> SUPPLIED MATERIAL:
....

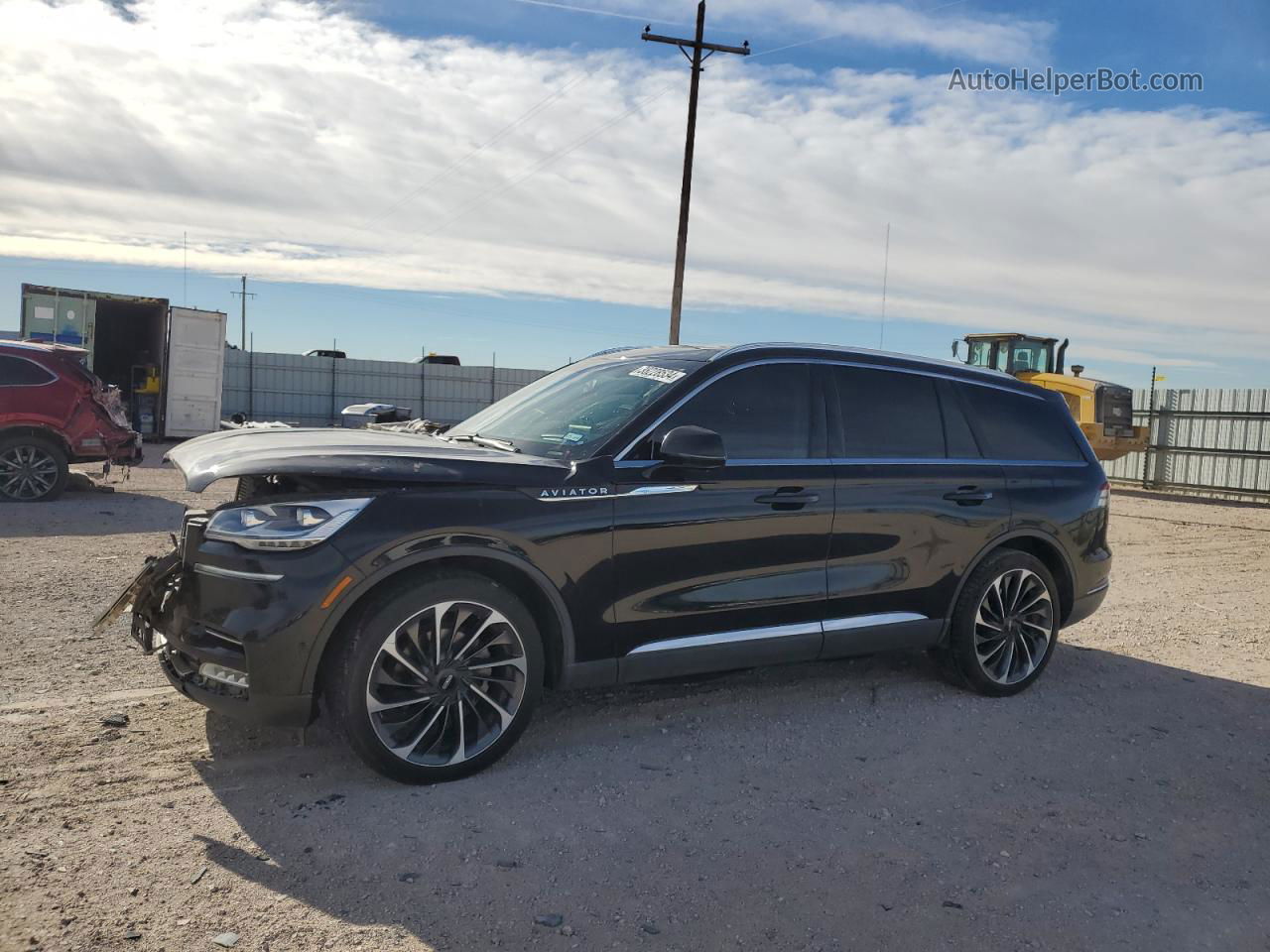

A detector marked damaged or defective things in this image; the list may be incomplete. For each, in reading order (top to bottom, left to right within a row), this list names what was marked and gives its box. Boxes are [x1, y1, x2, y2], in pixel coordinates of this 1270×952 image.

red damaged car [0, 345, 143, 508]
dented hood [165, 431, 572, 495]
cracked headlight lens [204, 500, 370, 550]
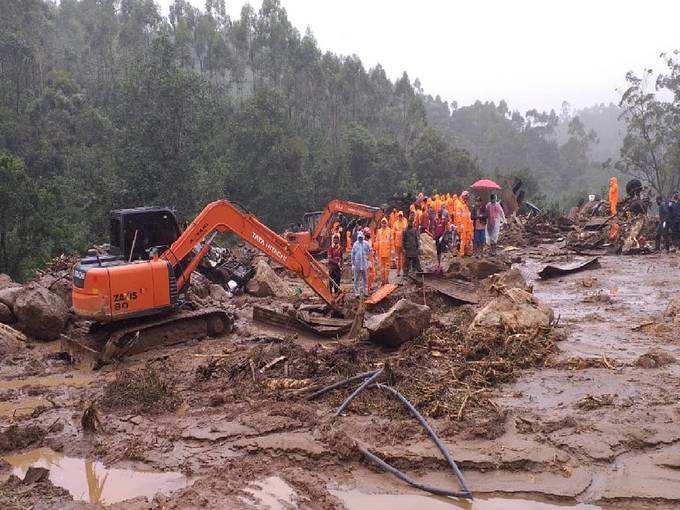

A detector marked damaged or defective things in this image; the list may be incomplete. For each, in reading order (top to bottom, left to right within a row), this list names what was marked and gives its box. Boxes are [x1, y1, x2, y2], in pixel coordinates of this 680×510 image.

broken timber [536, 256, 600, 280]
broken timber [420, 274, 478, 302]
broken timber [252, 304, 354, 336]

....

> AIM OF THE EXERCISE: The result should be a verbatim copy of the data, free of pictures.

> ANSWER TO THE EXERCISE:
A detector marked damaged or defective things in this image; the list may be incomplete. For each, in reading order (top to bottom, left to right within a row), this list names what was marked and gives its box. Boxes are [x1, y1, x2, y2], in pixel coordinates of this 1270×952 image.

red damaged car [0, 345, 143, 508]
dented hood [165, 431, 572, 495]
cracked headlight lens [204, 500, 370, 550]

A detector marked damaged or defective things in this image; the list may be incomplete. For each, in reading order (top to bottom, left to right within a row), this list names what was marked and gives its box. Boxes are [x1, y1, x2, y2], in pixel coordinates of this 680×510 image.

broken timber [536, 256, 600, 280]
broken timber [420, 274, 478, 302]
broken timber [252, 304, 354, 336]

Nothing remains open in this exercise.